List of Famous people who died in 1933
Horatio Bottomley
Horatio William Bottomley was an English financier, journalist, editor, newspaper proprietor, swindler, and Member of Parliament. He is best known for his editorship of the popular magazine John Bull, and for his patriotic oratory during the First World War. His career came to a sudden end when, in 1922, he was convicted of fraud and sentenced to seven years' imprisonment.
Texas Guinan
Mary Louise Cecilia "Texas" Guinan was an American actress, producer and entrepreneur. Born in Texas to Irish immigrant parents, she decided at an early age to become an entertainer. After becoming a star on the New York stage, the repercussions of her involvement in a weight loss scam motivated her to switch careers to the film business. Spending several years in California appearing in numerous productions, she eventually formed her own company.
Clara Zetkin
Clara Zetkin was a German Marxist theorist, activist, and advocate for women's rights.
Paul Kester
Paul Kester was an American playwright and novelist. He was the younger brother of journalist Vaughan Kester and a cousin of the literary editor and critic William Dean Howells.
Charles H. Kline
Charles Howard Kline served as the 47th Mayor of Pittsburgh from 1926 to 1933.

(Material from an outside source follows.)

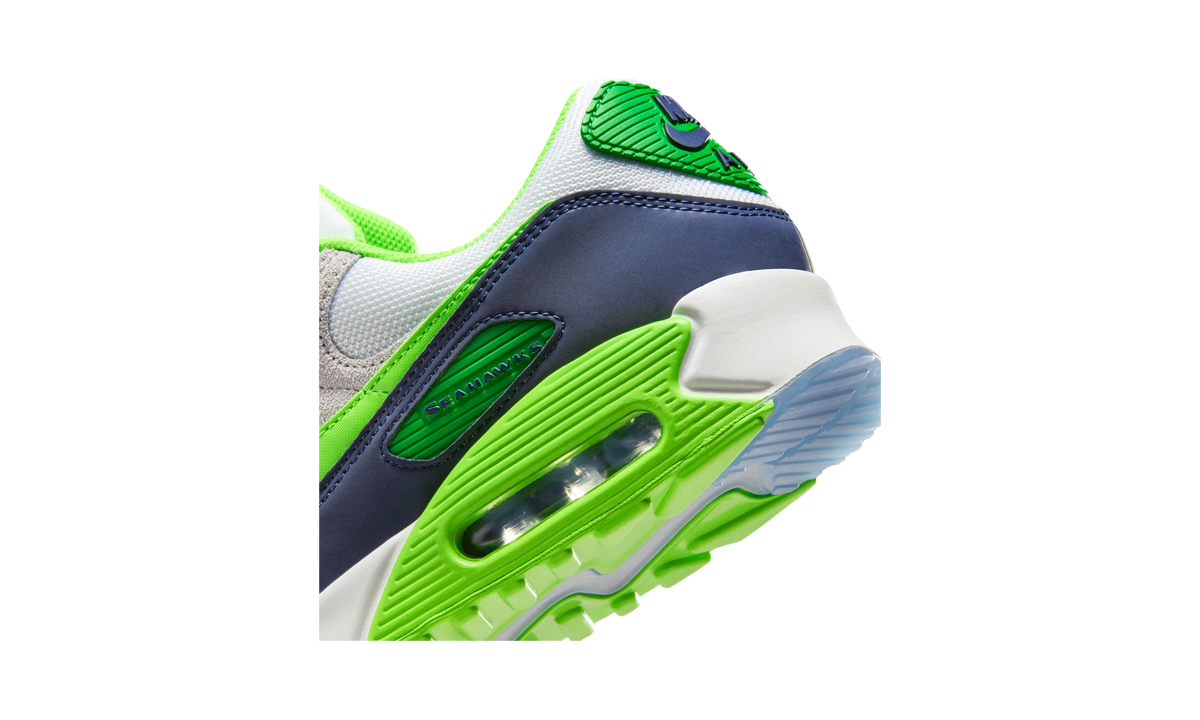 Overkicks - Nike Air Max 90 Seattle Seahawks (II7534-100) - detalle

Robert Augustus Chesebrough
Sir Robert Augustus Chesebrough, was an American chemist. He discovered petroleum jelly, which he marketed as Vaseline, and founded the Chesebrough Manufacturing Company.
Thubten Gyatso
Thubten Gyatso was the 13th Dalai Lama of Tibet.
Giuseppe Zangara
Giuseppe "Joe" Zangara was an Italian immigrant and naturalized United States citizen who attempted to assassinate then-President-elect Franklin D. Roosevelt on February 15, 1933, seventeen days before Roosevelt's inauguration. During a night speech by Roosevelt in Miami, Florida, Zangara fired five shots with a handgun he had purchased a couple of days before. He missed his target and instead injured five bystanders, mortally wounding Anton Cermak, the Mayor of Chicago.
Kate Brew Vaughn
Katherine (Kate) Margaret Brew Vaughn was an American author, lecturer, home economics teacher, newspaper writer, and radio host.
Wallace Fard Muhammad
Wallace D. Fard, also known as Wallace Fard Muhammad or Master Fard Muhammad, was the founder of the Nation of Islam. He arrived in Detroit in 1930 with an obscure background and several aliases, and taught an idiosyncratic form of Islam to members of the city's black population. In 1934, he disappeared from public record, and Elijah Muhammad succeeded him as leader of the Nation of Islam.